## ASSIGNED TASK
For the material that follows, return exactly the lines from the one with "Canvas Print happy" through the one with "Black ribbed knit", both ends included.

## SOURCE DATA

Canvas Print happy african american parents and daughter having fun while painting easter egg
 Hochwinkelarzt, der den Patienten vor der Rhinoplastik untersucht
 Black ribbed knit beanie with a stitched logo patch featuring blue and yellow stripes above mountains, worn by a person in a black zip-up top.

==

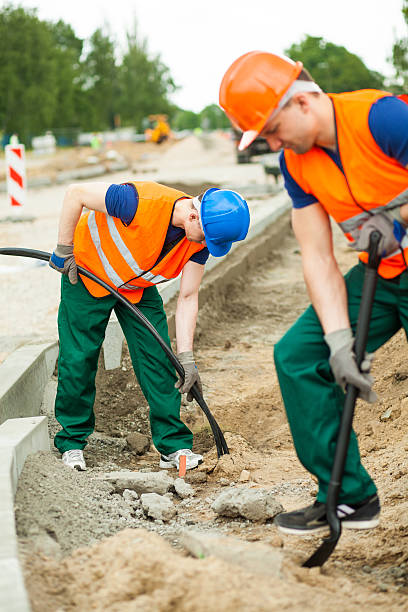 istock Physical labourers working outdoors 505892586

## RESPONSE BELOW
Canvas Print happy african american parents and daughter having fun while painting easter egg
 Hochwinkelarzt, der den Patienten vor der Rhinoplastik untersucht
 Black ribbed knit beanie with a stitched logo patch featuring blue and yellow stripes above mountains, worn by a person in a black zip-up top.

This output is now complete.